TASK ITEM -
From the listing below, output the lines between the one with "120 Los Arbor Drive Deland FL 32724" and the one with "Dolné Sasko Predaj", including those two, and nothing else. Pictures are not copied.

MATERIAL FOR THIS EXERCISE -
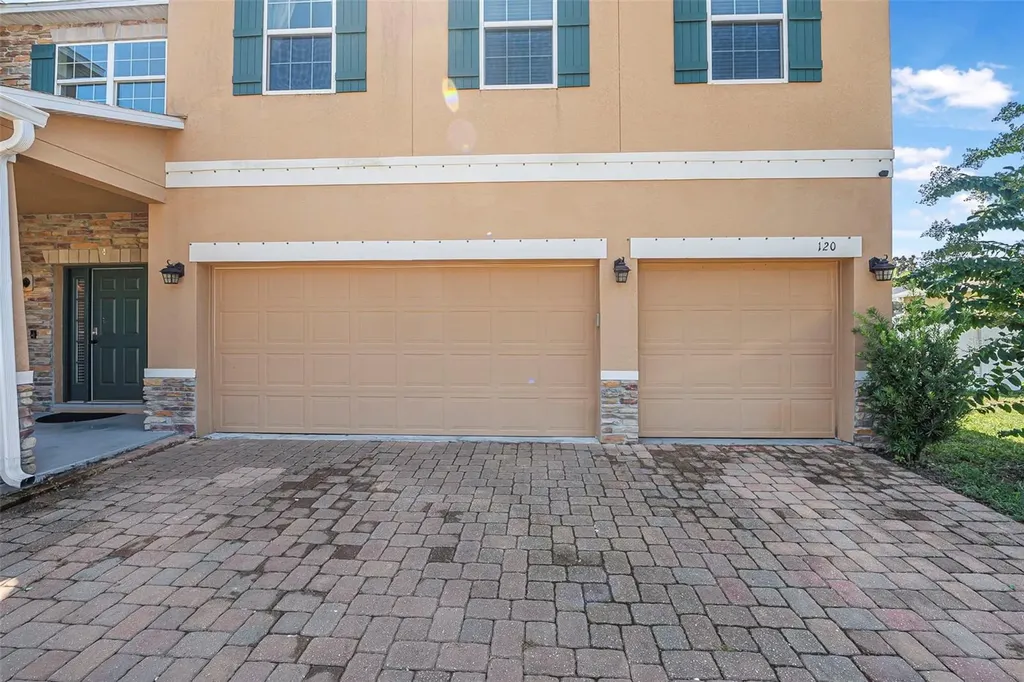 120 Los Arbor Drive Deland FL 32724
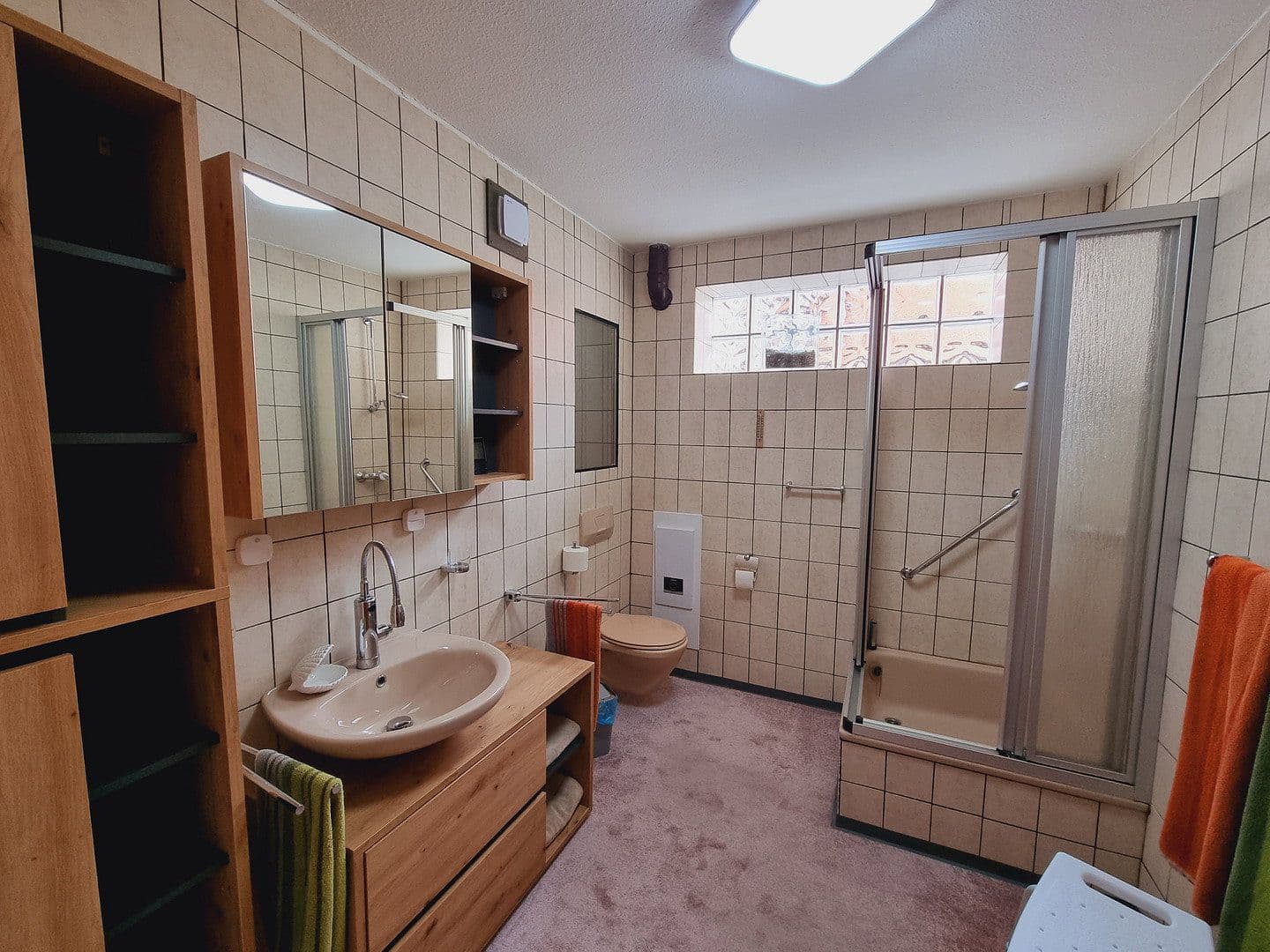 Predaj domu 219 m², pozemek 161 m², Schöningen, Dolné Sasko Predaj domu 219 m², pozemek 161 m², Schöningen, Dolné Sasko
==
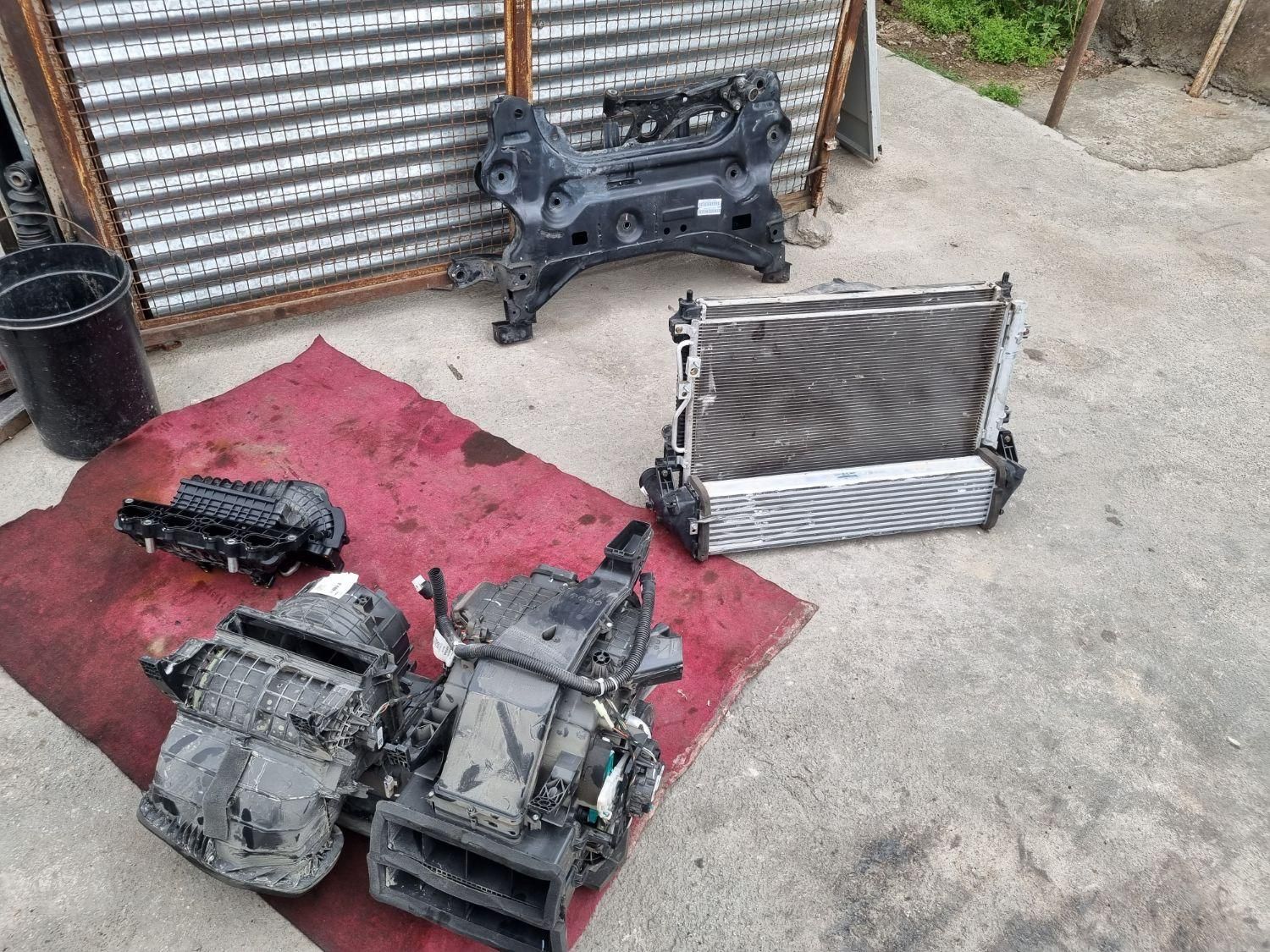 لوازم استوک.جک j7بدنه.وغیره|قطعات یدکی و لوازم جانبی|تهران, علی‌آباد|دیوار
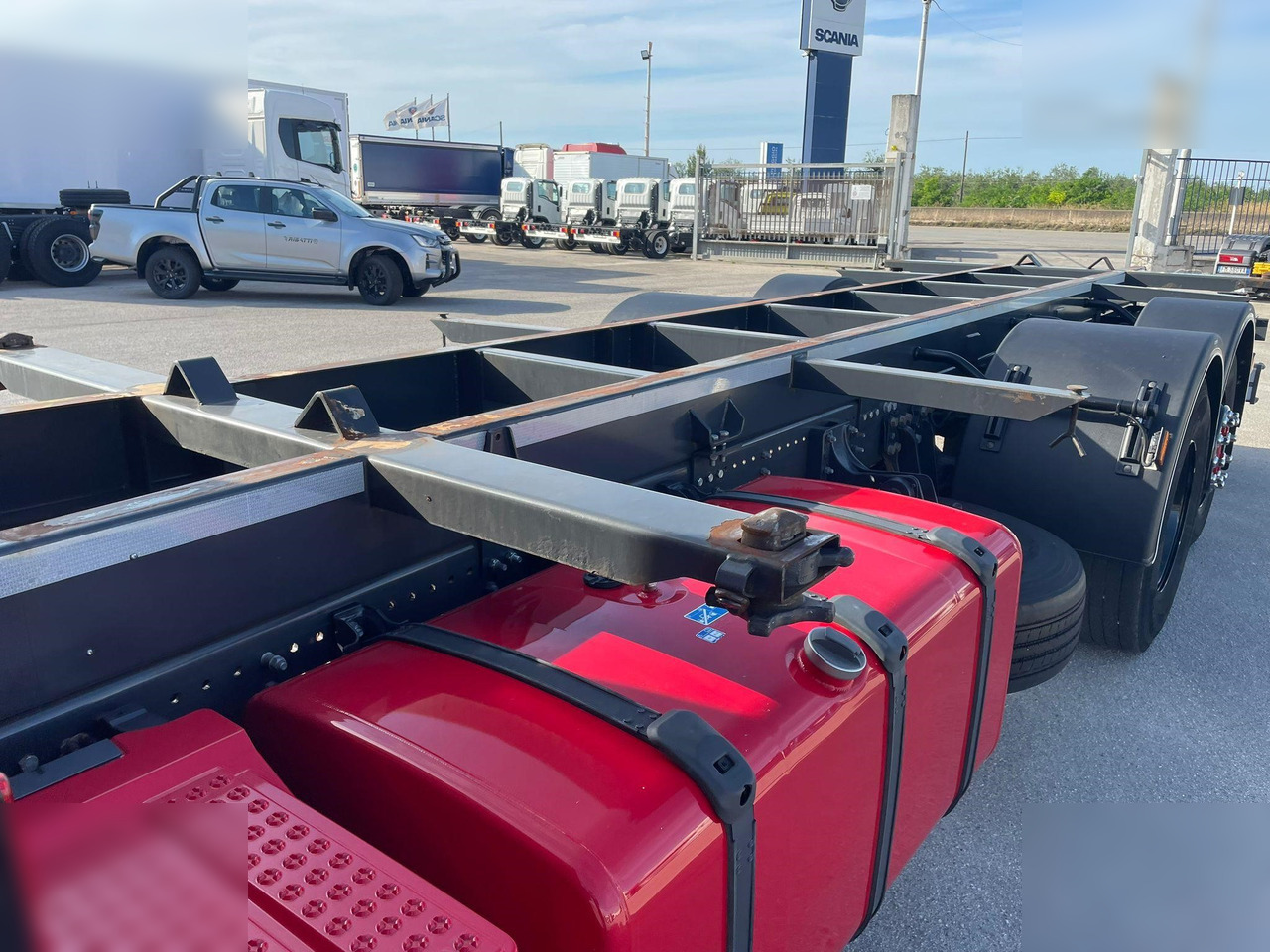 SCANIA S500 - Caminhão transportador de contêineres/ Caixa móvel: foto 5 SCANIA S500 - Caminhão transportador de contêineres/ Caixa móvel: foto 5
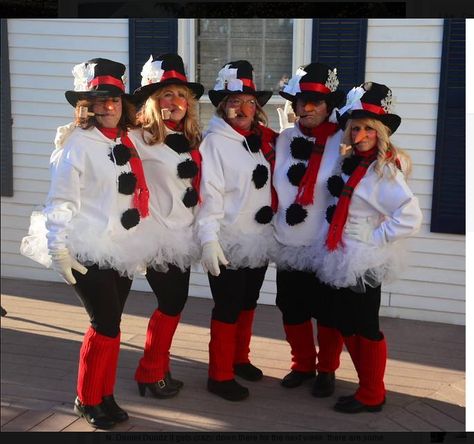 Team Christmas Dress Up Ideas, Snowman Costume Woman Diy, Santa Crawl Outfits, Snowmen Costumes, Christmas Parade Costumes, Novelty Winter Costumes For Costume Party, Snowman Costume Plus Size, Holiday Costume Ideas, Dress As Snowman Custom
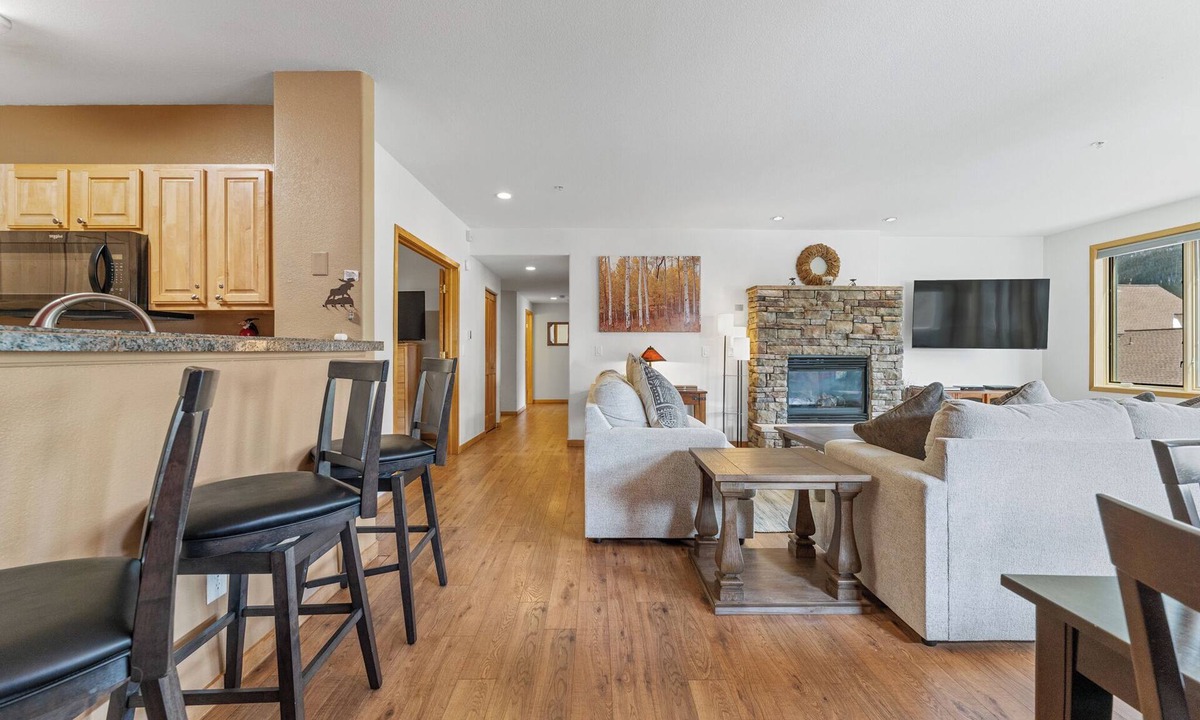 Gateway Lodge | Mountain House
---
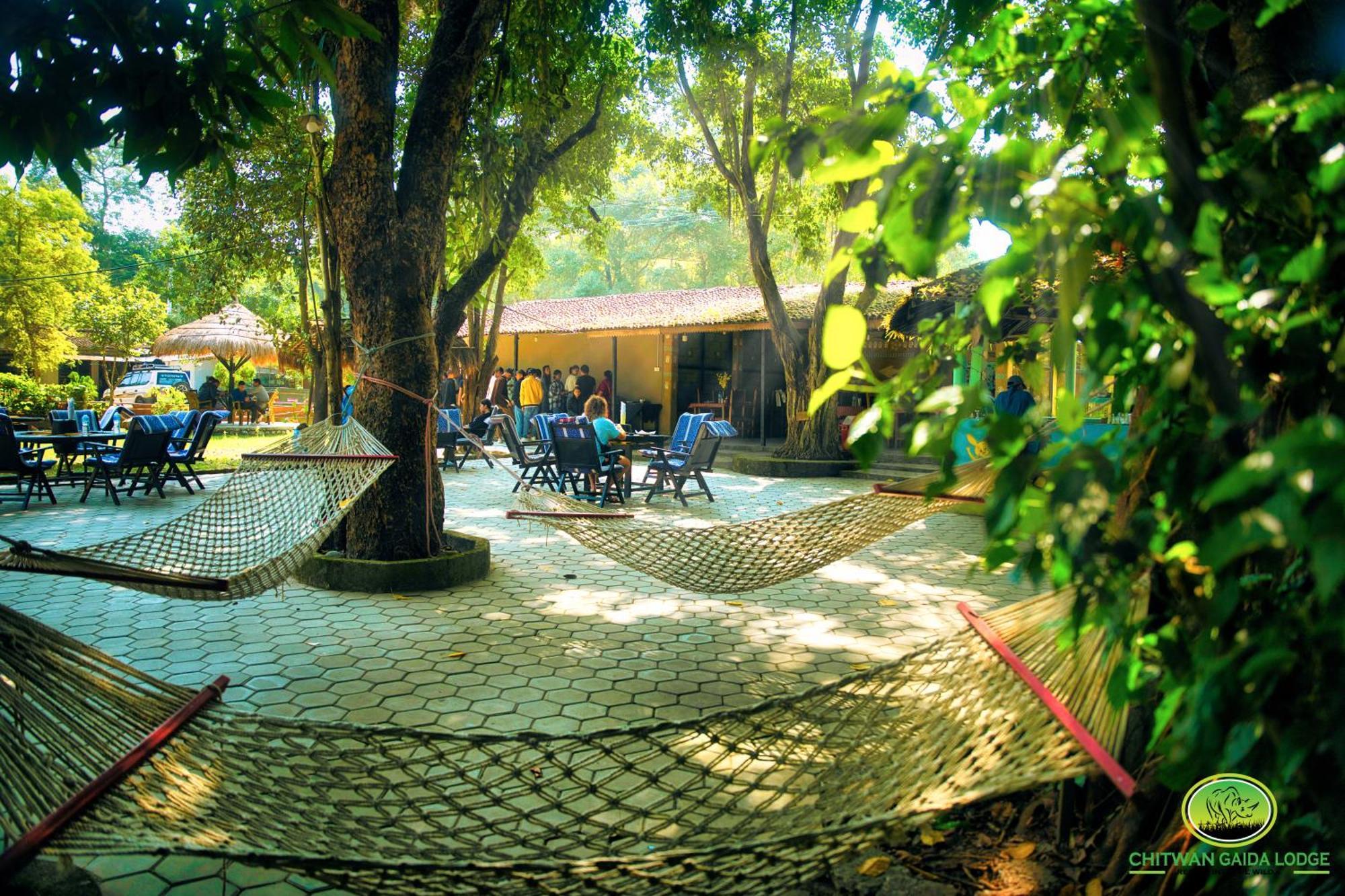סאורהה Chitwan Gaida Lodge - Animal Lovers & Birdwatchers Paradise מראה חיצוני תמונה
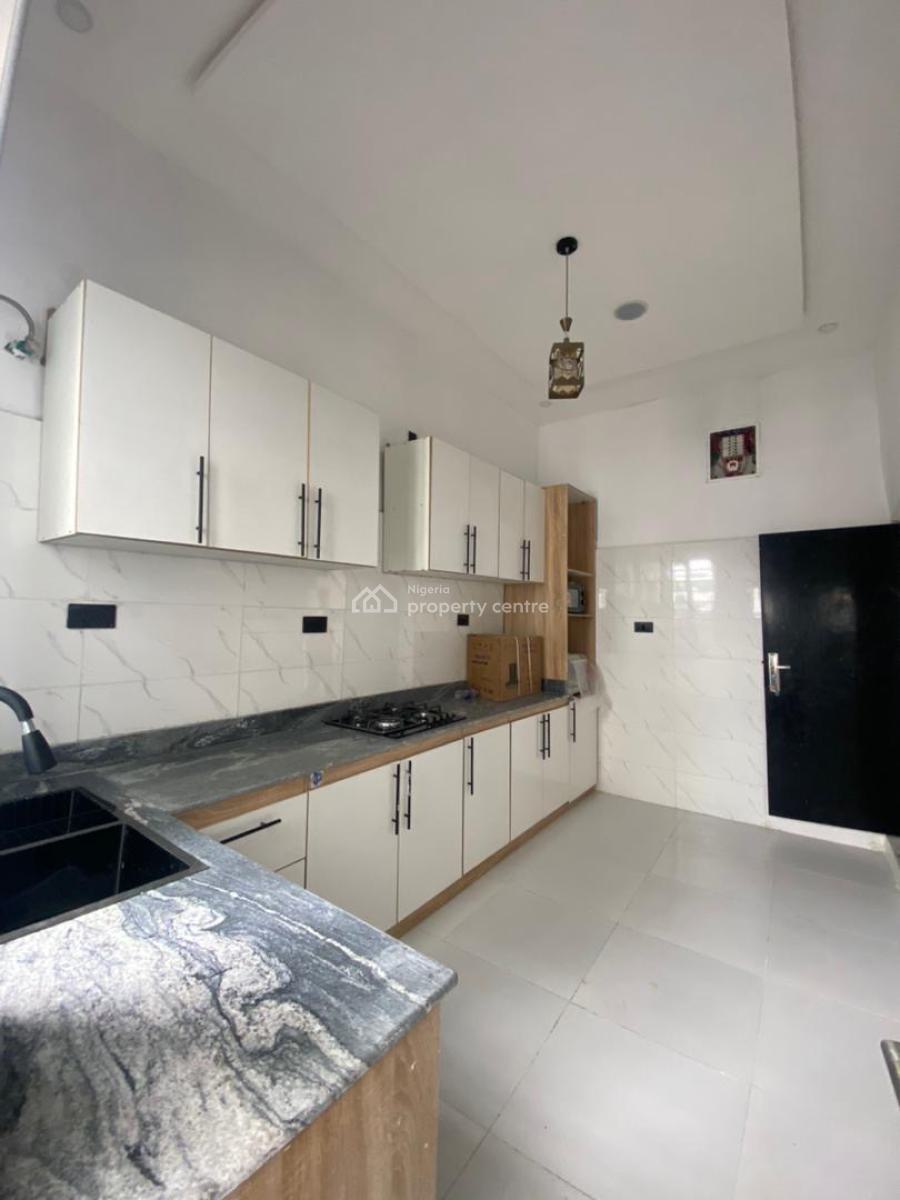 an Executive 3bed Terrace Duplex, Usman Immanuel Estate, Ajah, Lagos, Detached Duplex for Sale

EXERCISE ANSWER -
 120 Los Arbor Drive Deland FL 32724
 Predaj domu 219 m², pozemek 161 m², Schöningen, Dolné Sasko Predaj domu 219 m², pozemek 161 m², Schöningen, Dolné Sasko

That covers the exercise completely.